Italian Bonds Drop First Time in Four Days as Rally Fades

Italian government bonds declined for the first time in four days as a rally propelled by European Central Bank stimulus that drove yields on the securities to a record low showed signs of losing momentum.

Italy’s 10-year yields rose the most in three weeks before the nation sells as much as 8.5 billion euros ($11.5 billion) of debt this week, including new seven-year notes. Rates on Spain’s 10-year bonds increased from an all-time low, while yields on their Portuguese peers climbed from the least since 2005. Greece’s five-year yield dropped below 4 percent for the first time since 2009.

“Spreads are getting tighter and tighter and it’s become a more dangerous game,” said Allan von Mehren, chief analyst at Danske Bank A/S in Copenhagen. “The trend is for tighter spreads but the risk-reward is not as good as it has been.”

Italy’s 10-year yield climbed seven basis points, or 0.07 percentage point, to 2.78 percent at 4:14 p.m. London time. The 4.5 percent bond due in March 2024 fell 0.66, or 6.60 euros per 1,000-euro face amount, to 114.75. The rate dropped 32 basis points in the previous three days and declined to 2.694 percent yesterday, the lowest on record.

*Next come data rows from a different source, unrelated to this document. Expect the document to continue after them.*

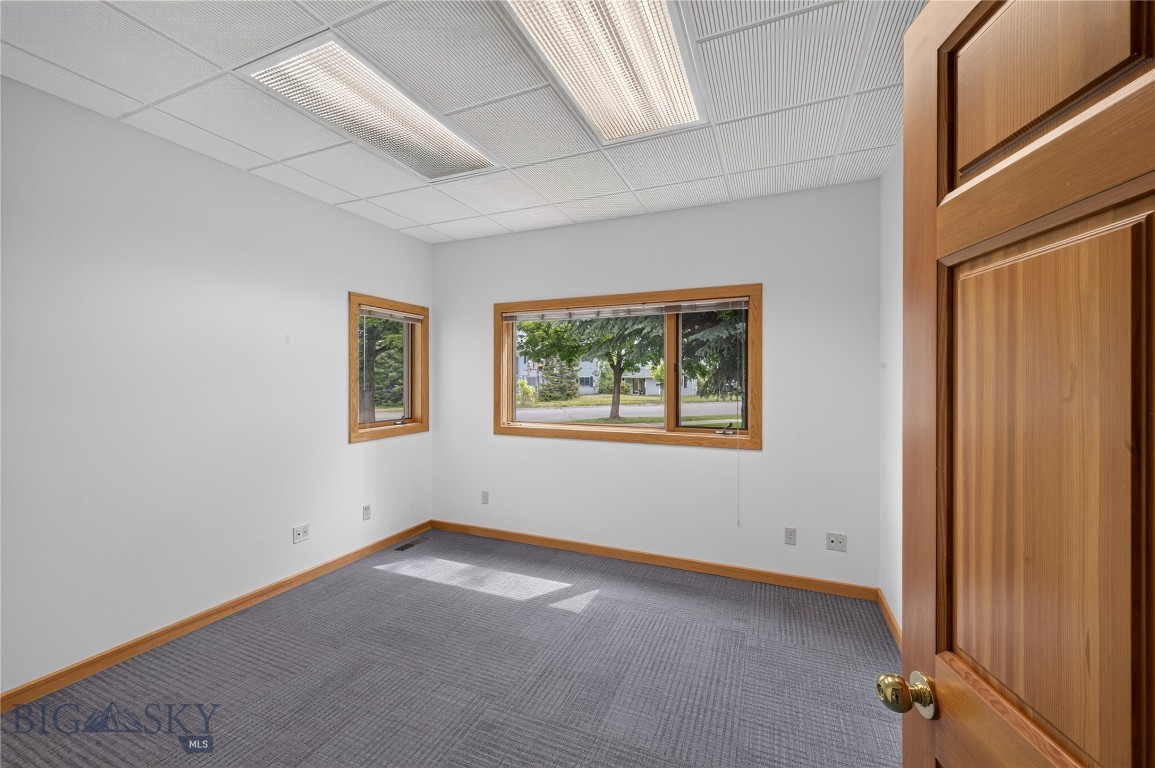 517 S 22nd Avenue 5&6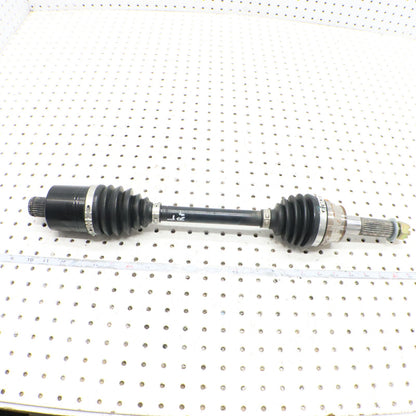 2024 Polaris Sportsman 570 Efi Eps REAR Cv Drive Axle Shaft 1337130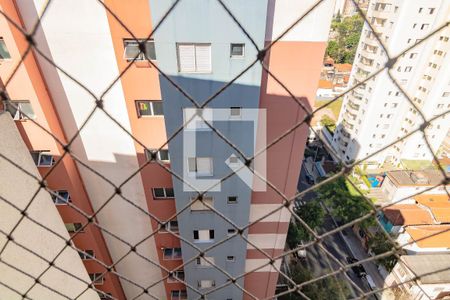 Apartamento para alugar com 117m², 3 quartos e 2 vagasVista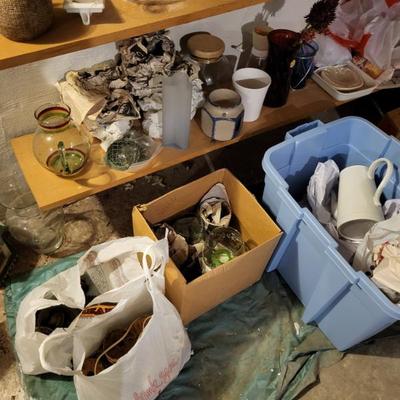 Sale Photo Thumbnail #244
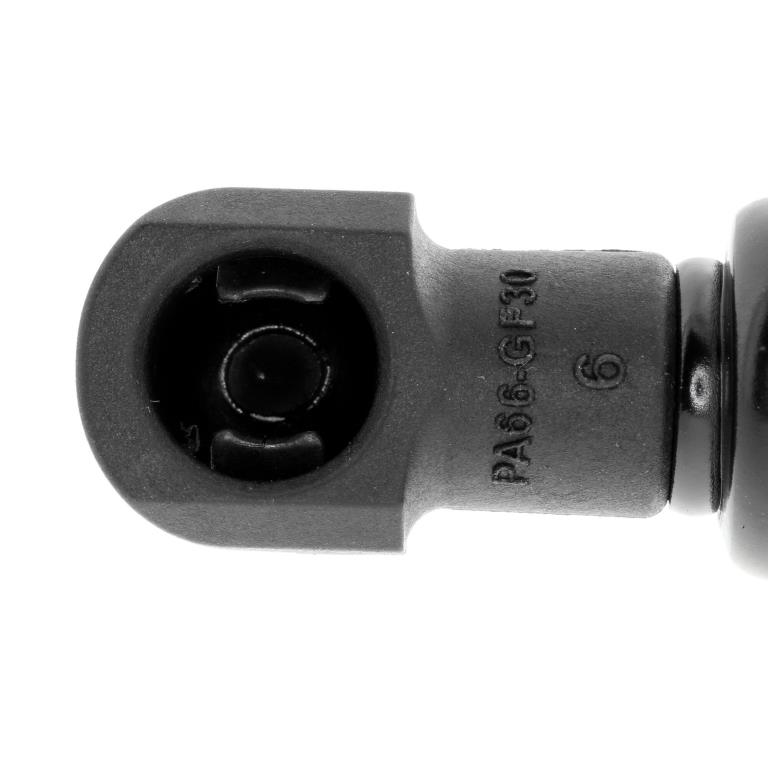 Muelle neumático VAICO V10-2085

The rate on similar-maturity Spanish bonds rose four basis points to 2.62 percent after dropping to as low as 2.542 percent.

Bond Rally

Higher-yielding euro-area bonds have gained since June 5 when the ECB became the first major central bank to charge fees on deposits and unveiled other plans to support an economy threatened by deflation. Policy makers led by President Mario Draghi cut the deposit rate to minus 0.1 percent, lowered the main refinancing rate to a record 0.15 percent and announced measures including targeted longer-term refinancing operations.

Italy is scheduled to auction as much as 4 billion euros of notes maturing in December 2021 on Thursday as well as securities due in May 2017 and September 2044. The Rome-based Treasury last sold seven-year debt on May 13 at an average yield of 2.29 percent.

“There has been such a huge rally over the last few days and now yields seem to be rebounding,” said Luca Cazzulani, a senior fixed-income strategist at UniCredit SpA in Milan. “Taking into account we are heading into auctions, it may be a technical movement ahead of that.”

Bailout Exit

Portugal’s five-year rate dropped to as low as 1.994 percent, the least on record based on closing-price data, as Finance Minister Maria Luis Albuquerque reiterated the country doesn’t need a precautionary credit line after exiting its bailout program. The nation’s 10-year yield fell four basis points to 3.33 percent after declining to 3.23 percent, the lowest since September 2005.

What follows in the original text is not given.